Pictures with short captions:
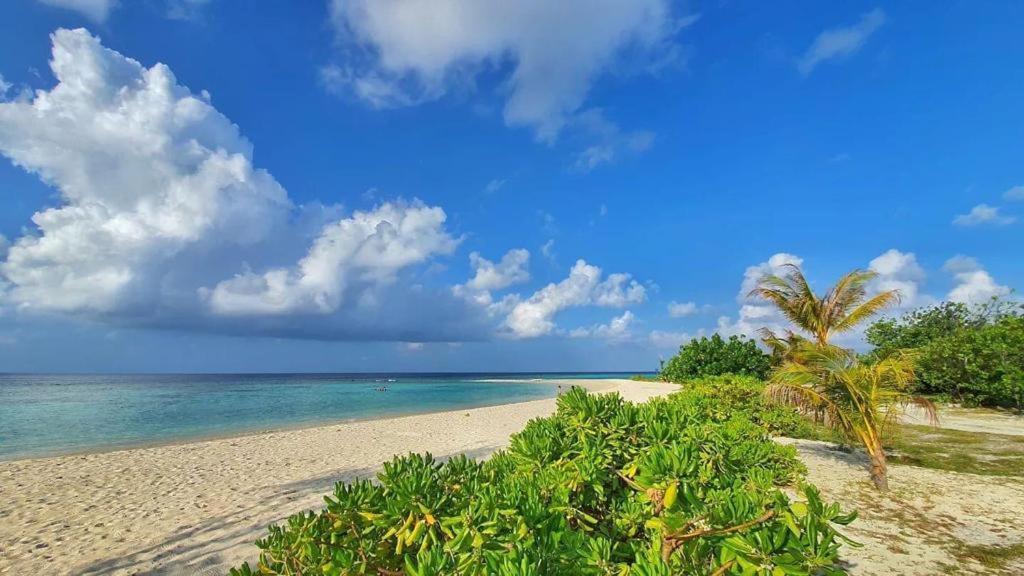 Hotel Raalhu Fonu Maldives Mahibadhoo Exterior foto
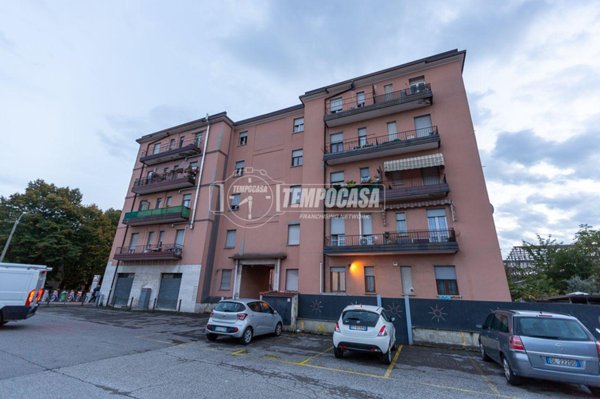 appartamento in vendita a Brescia in zona Fiumicello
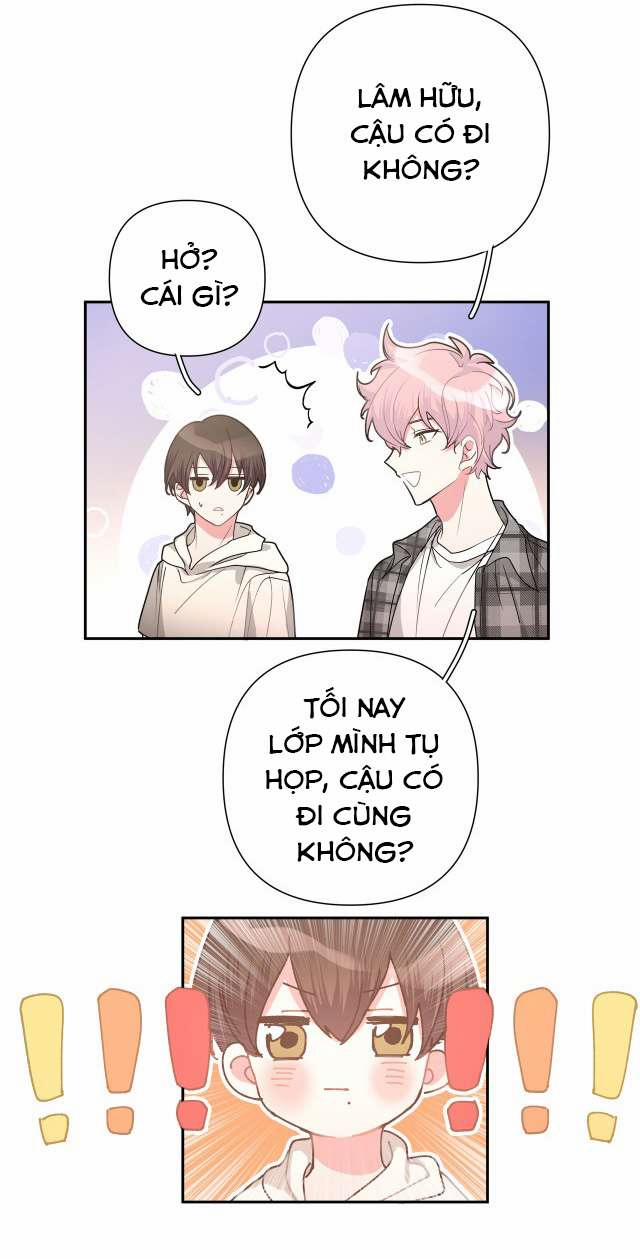 Cẩn Thận Bị Mộng Ma Ăn Sạch Đấy 4 trang 6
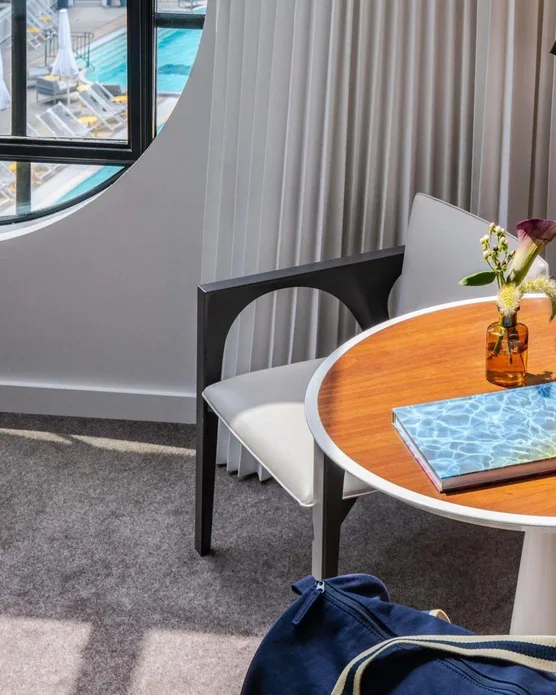 Hôtel spa Molitor, photo 16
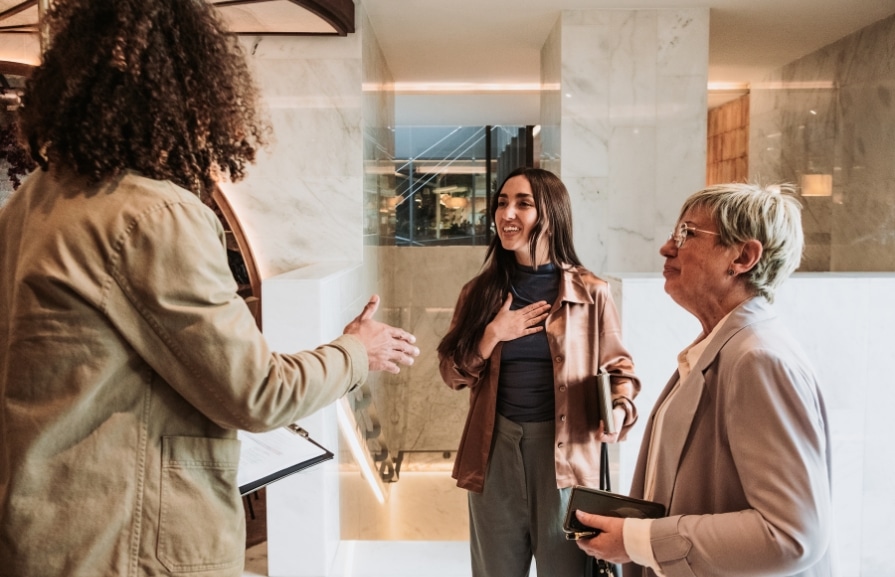 Optimización eficiencia energética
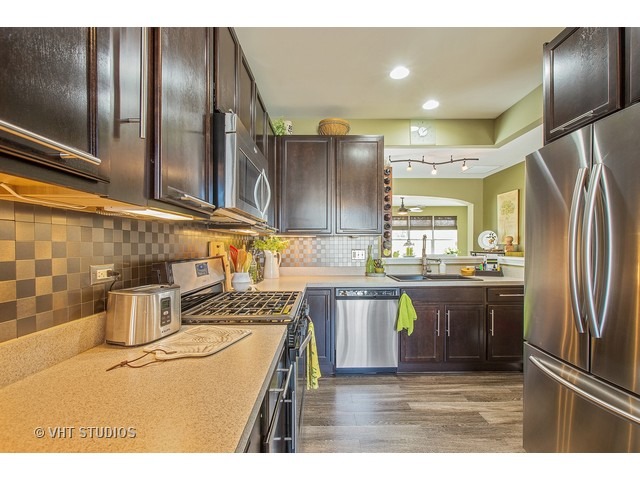 842 Cascade Falls Dr, Elgin, IL 60124 photo 4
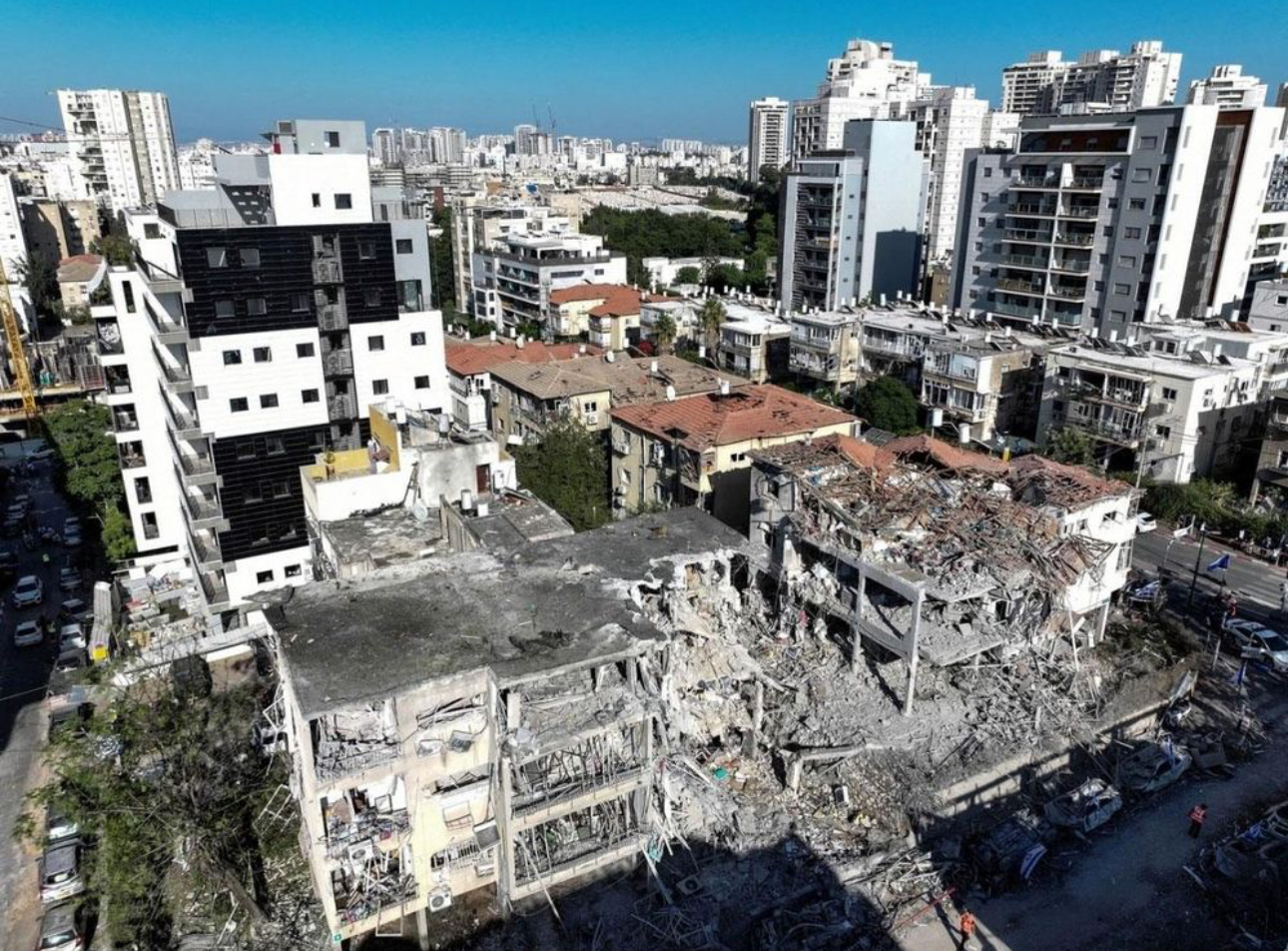 Ngoại trưởng Nga và Thổ Nhĩ Kỳ kêu gọi chấm dứt xung đột Israel - Iran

## TASK DESCRIPTION:
Needed here is only the span from the line with "appartamento in vendita" through the last line of the entries, copied exactly with both ends and without pictures.

## REPLY TO THE TASK:
 appartamento in vendita a Brescia in zona Fiumicello
 Cẩn Thận Bị Mộng Ma Ăn Sạch Đấy 4 trang 6
 Hôtel spa Molitor, photo 16
 Optimización eficiencia energética
 842 Cascade Falls Dr, Elgin, IL 60124 photo 4
 Ngoại trưởng Nga và Thổ Nhĩ Kỳ kêu gọi chấm dứt xung đột Israel - Iran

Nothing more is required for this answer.